[[ PROVIDED DATA open ]]
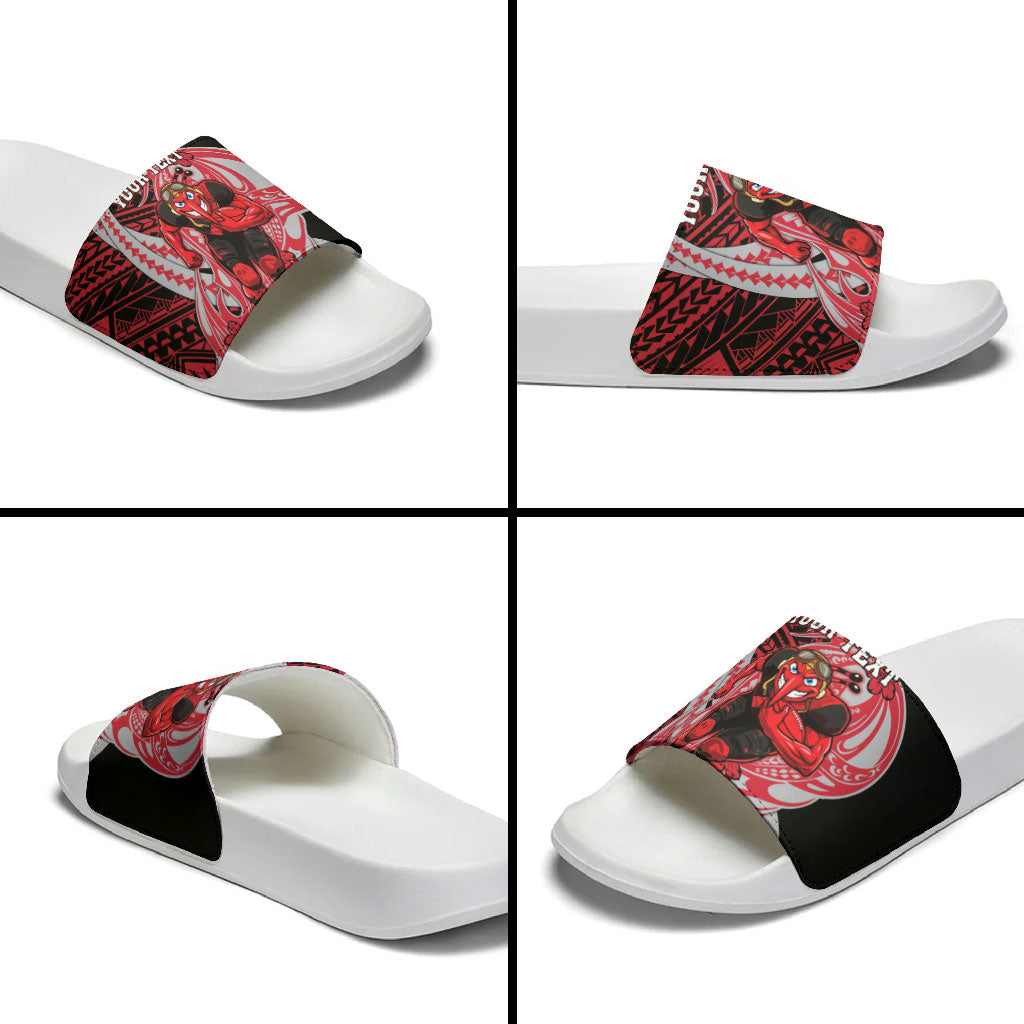 Personalized Essendon Bombers Slide Sandals Polynesian Tribal Bomber Pilot Mascot With Hibiscus Floral Art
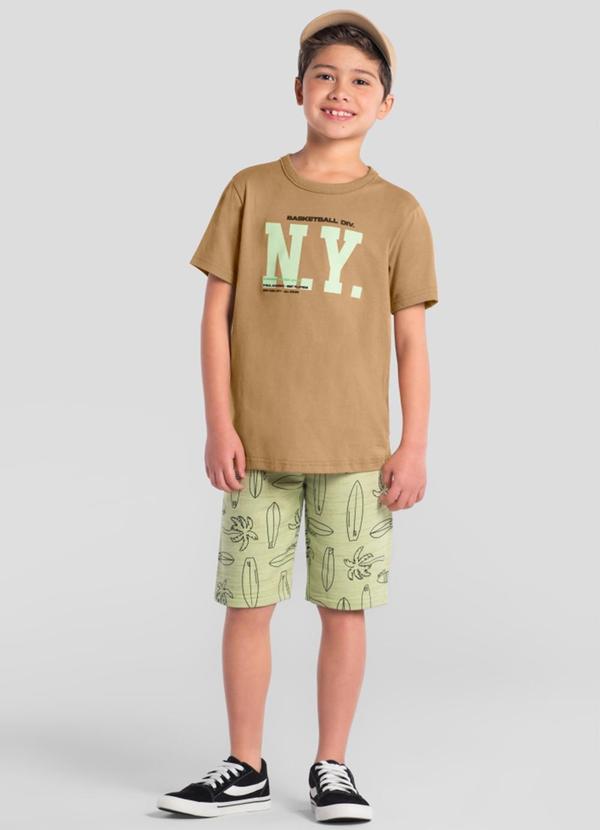 Vista 2 Conjunto Infantil Menino de Surf Marrom Brandili Brandili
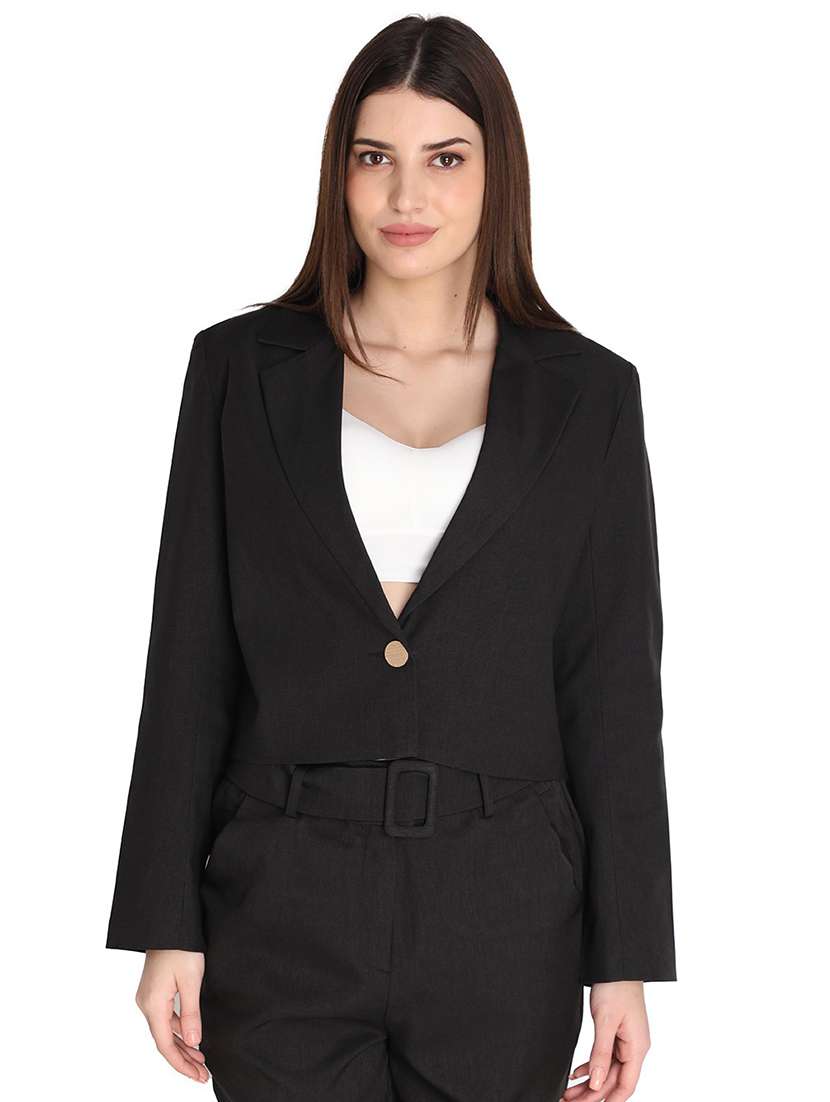 solid black casual crop blazer - 20683760 - Zoom Image - 0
[[ PROVIDED DATA closed ]]
▸ TASK DETAILS
Pictures excluded, quote all the data above exactly.

▸ PROBLEM SOLUTION
 Personalized Essendon Bombers Slide Sandals Polynesian Tribal Bomber Pilot Mascot With Hibiscus Floral Art
 Vista 2 Conjunto Infantil Menino de Surf Marrom Brandili Brandili
 solid black casual crop blazer - 20683760 - Zoom Image - 0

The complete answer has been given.